**ASSIGNMENT**
Please give back the listing below in full. Change nothing.

**SUPPLIED INFORMATION**
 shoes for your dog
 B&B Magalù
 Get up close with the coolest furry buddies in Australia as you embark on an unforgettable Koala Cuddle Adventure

**ANSWER SPACE**
 shoes for your dog
 B&B Magalù
 Get up close with the coolest furry buddies in Australia as you embark on an unforgettable Koala Cuddle Adventure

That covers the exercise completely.